Correlation analysis also points the way for causal investigations, by telling us which two things are potentially connected. This then tells us where to investigate further. This provides information on where to go into modeling, causation, and optimization. This is an important benefit. It points us in the right direction and enables us to know where to dig deep with more sophisticated analytics applications such as supply chain optimization.
1.3.5 Explain Why Things Happen
Correlation analysis tells whether a relationship exists. More advanced statistical applications enable us to go beyond understanding whether a relationship exists and delve deeper into understanding causations.

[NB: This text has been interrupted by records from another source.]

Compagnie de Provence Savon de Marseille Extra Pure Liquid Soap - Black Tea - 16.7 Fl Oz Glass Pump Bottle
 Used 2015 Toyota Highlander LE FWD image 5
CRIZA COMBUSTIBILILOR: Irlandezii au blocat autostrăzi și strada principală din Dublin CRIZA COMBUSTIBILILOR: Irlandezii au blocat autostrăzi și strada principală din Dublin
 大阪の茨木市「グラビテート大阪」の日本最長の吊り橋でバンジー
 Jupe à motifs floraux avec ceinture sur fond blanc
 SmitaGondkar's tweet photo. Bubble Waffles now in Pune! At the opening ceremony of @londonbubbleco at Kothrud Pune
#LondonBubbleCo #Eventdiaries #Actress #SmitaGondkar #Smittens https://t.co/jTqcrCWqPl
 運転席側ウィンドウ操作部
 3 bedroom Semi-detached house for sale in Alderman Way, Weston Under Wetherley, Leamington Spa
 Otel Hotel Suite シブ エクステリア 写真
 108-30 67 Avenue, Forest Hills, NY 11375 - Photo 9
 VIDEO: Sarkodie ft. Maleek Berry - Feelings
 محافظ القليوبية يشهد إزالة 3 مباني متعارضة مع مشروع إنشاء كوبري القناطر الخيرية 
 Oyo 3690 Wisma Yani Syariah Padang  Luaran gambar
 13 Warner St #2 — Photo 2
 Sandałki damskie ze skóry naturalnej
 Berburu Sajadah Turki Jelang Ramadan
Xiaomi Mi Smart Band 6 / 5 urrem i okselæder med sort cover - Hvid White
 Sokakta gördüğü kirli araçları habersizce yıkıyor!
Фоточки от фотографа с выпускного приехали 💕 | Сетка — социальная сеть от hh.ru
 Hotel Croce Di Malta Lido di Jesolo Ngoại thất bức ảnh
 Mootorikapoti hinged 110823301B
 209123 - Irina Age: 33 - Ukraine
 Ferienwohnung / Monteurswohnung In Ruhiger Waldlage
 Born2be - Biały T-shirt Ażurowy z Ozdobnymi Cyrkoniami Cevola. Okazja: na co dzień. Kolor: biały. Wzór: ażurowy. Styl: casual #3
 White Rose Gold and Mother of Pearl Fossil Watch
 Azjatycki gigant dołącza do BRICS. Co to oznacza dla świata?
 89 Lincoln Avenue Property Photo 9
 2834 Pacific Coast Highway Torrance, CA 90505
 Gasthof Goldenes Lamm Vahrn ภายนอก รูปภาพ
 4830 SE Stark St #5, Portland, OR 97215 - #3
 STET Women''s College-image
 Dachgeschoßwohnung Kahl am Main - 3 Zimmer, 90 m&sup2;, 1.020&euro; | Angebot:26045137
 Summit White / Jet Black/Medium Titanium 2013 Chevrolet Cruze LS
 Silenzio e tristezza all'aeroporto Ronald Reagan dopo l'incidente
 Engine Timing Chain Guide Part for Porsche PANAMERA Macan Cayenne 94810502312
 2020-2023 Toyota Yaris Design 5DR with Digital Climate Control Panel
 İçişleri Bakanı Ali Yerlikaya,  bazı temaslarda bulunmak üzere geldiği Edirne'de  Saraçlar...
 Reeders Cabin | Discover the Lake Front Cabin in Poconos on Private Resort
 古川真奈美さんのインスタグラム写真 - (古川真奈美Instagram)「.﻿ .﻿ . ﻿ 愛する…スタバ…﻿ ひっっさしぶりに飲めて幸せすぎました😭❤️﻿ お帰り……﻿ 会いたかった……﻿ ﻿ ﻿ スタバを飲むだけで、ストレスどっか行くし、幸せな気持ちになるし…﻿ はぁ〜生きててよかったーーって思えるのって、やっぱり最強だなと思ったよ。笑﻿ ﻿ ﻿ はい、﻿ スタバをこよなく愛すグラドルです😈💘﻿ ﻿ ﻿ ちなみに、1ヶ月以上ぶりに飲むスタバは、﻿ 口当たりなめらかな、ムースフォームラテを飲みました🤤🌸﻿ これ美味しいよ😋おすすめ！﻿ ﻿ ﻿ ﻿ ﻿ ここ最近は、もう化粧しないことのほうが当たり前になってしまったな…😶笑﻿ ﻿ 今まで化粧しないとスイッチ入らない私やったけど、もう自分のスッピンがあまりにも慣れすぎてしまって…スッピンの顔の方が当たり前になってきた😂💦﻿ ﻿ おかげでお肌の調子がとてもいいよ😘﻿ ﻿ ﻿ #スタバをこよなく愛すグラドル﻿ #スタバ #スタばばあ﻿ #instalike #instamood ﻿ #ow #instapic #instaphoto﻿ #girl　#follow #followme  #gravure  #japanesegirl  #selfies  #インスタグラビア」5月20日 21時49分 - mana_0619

1.3.5a Supply Chain Optimization
Supply chain optimization is the application of mathematical and statistical tools to develop optimal solutions to supply chain problems. This enables analysts to create models to simulate, explore contingencies, and optimize supply chains. Many of these approaches employ some form of linear programming software and solvers. This allows the program to maximize a particular goal given a set of variables and constraints. This includes the optimal placement of inventory within the supply chain, minimizing the carbon footprint or minimizing operating costs, such as manufacturing, transportation, and distribution costs.
1.3.5b Randomized Testing
Big data and analytics have enabled companies to use randomized testing to conduct experiments to “test and learn”—sometimes called design of experiments. Randomized testing is a statistical method that involves conducting, analyzing, and interpreting tests to evaluate which factors impact variables of interest. For example, this might be asking whether planned changes in delivery or store layouts will increase customer purchases. Randomized testing is at the heart of the scientific method. Without random assignment to test groups, and without a control group, it is impossible to know which improvements are actually due to the changes being made. This type of large-scale testing is now possible as there is lots of data to compare and analyze.
Another significant enabler is that many current software applications are designed for people with little statistical training. New software makes it possible to conduct design of experiments by businesspeople rather than professional statisticians. For example, testing alternative versions of Web sites is relatively straightforward. This type of testing is simple and is becoming widely practiced in online retailers. Simple A/B experiments, such as comparing two versions of a Web site—A versus B—can be easily structured. The online retailer eBay, for example, routinely conducts experiments with different aspects of its Web site.29 The site generates huge amounts of data as there are more than a billion page views per day. This enables eBay to conduct multiple experiments concurrently and not run out of treatment and control groups. Similarly, the North Carolina food retailer Food Lion uses testing to try out new retailing approaches—again simply comparing A versus B.30 This ranges from comparing new store formats to simple tactical decisions.